Measuring your results starts with synthesizing your data. During implementation you documented the experiences and feedback of both knowledge seekers and providers. This information, along with your own reflections, describes what the exchange was achieving.
When you begin your synthesis, this information may look like a bunch of random notes, flip charts, journal entries, videos, or photos. However, as you review and translate these records into something more useful, you will be able to see how change is progressing. Look for the direct results that arose from the knowledge exchange as well as what the exchange has influenced.
In many cases you will have to supplement the data you collected during an exchange with additional information to tell the full story.
Here are steps to help you synthesize your data:
- Write down the intermediate outcomes and associated indicators that you decided on in
- Collect and review any notes captured during implementation.
- Look for patterns or connections within the data and synthesize these. For example, similar reactions from participants to a particular activity or relating to a common idea could be synthesized by a word, phrase, or participant quote.
- Group data as contributions to intermediate outcomes. Refer to the indicators as evidence
that intermediate outcomes were achieved.

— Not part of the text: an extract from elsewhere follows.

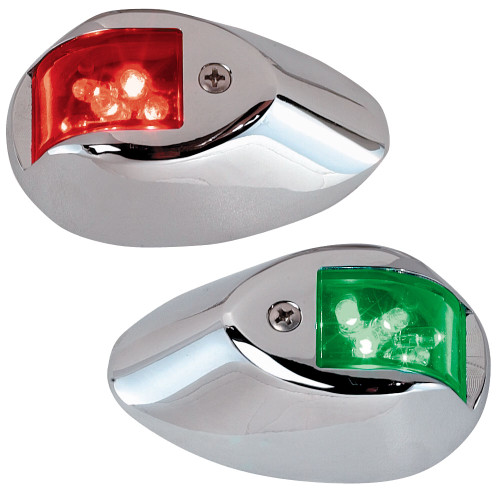 Perko LED Side Lights - Red\/Green - 24V - Chrome Plated Housing [0602DP2CHR]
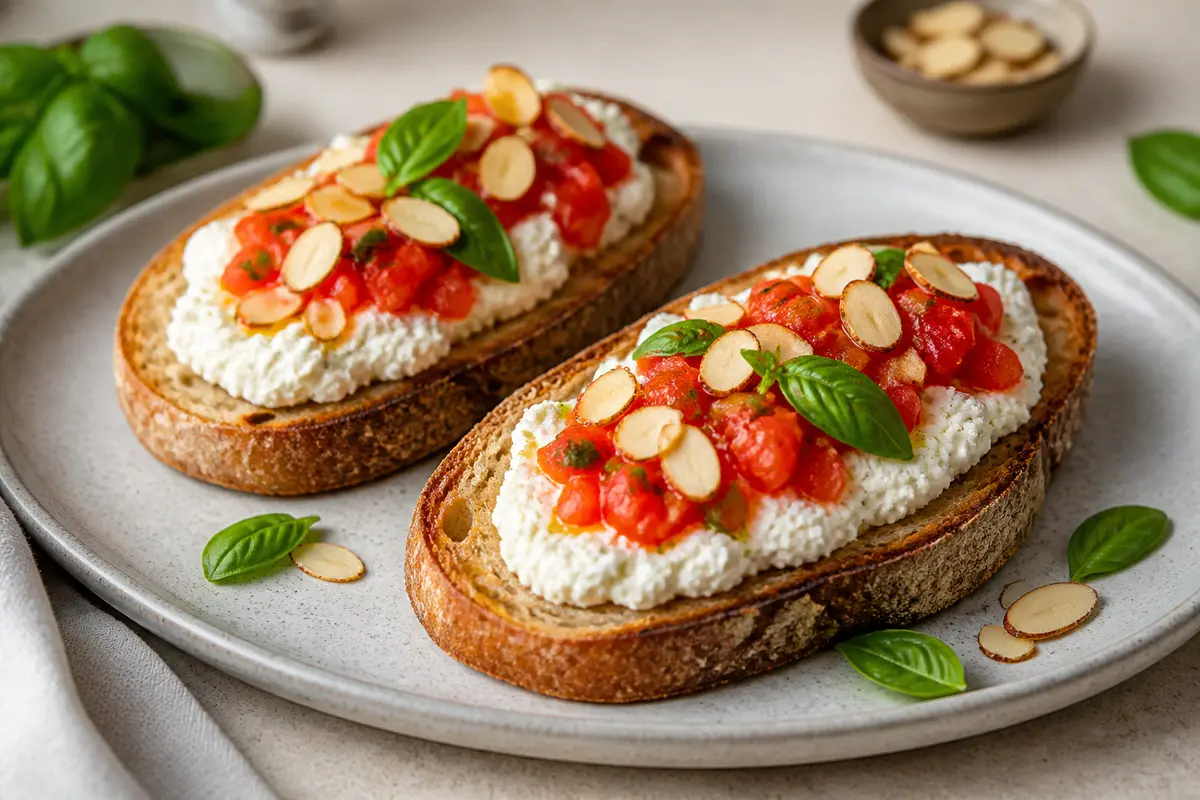Express Toasts with Grated Tomato, Basil Ricotta, and Crunchy Almond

- Single out any indicators that provide a strong potential for, or evidence of, a broader effect on a change objective/institutional challenge (for example, a participant who said she would draft a new law to improve early childhood education).
- As you synthesize and group, look for gaps in results data. For example, perhaps you don’t know what participants plan to do differently after the exchange.

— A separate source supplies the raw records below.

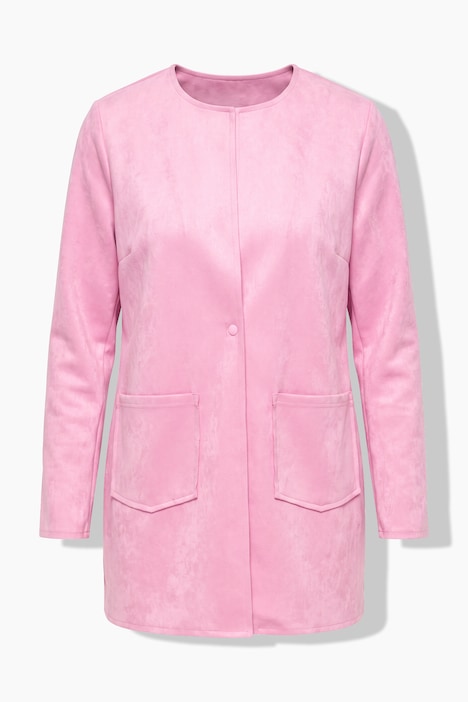 Veloursjacke, gerade Passform, offene Kanten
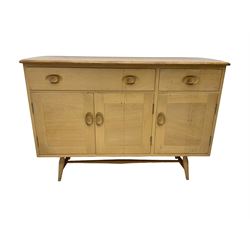 Ercol - mid-20th century 'model 351' elm and beech sideboard, fitted with two drawers and cupboards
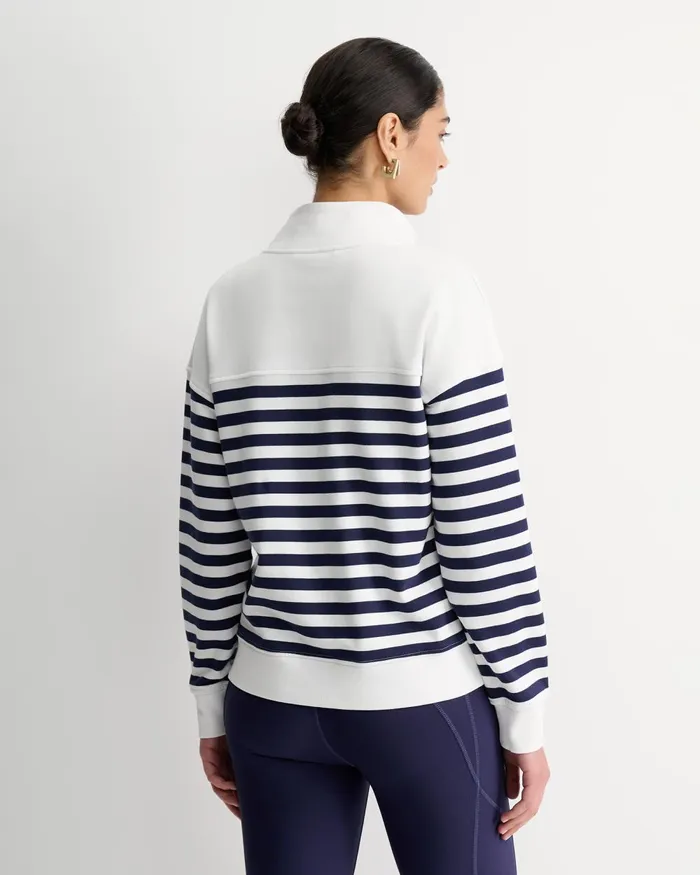 Women Sportscraft Pants Sc Stripe Quarter Zip Sweat Whitenavy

- Consider ways to fill information gaps. You may, for instance, interview the participants or ask them to share with you their post-event reports, key takeaways, or action plans.
Here is a great way to organize your results and identify unexpected outcomes.
|Write each intermediate outcome and associated indicator/s on a sticky note and place these on a wall in a horizontal line like headers in a table.
|Then transfer your data points to sticky notes of a different color (synthesize similar ideas into one note) and place them where you think they best fit.
|Stand back and observe. Try different configurations. You’ll most likely see some data points don’t fit your expected outcomes. Separate these from the rest and see if you can come up with an appropriate heading.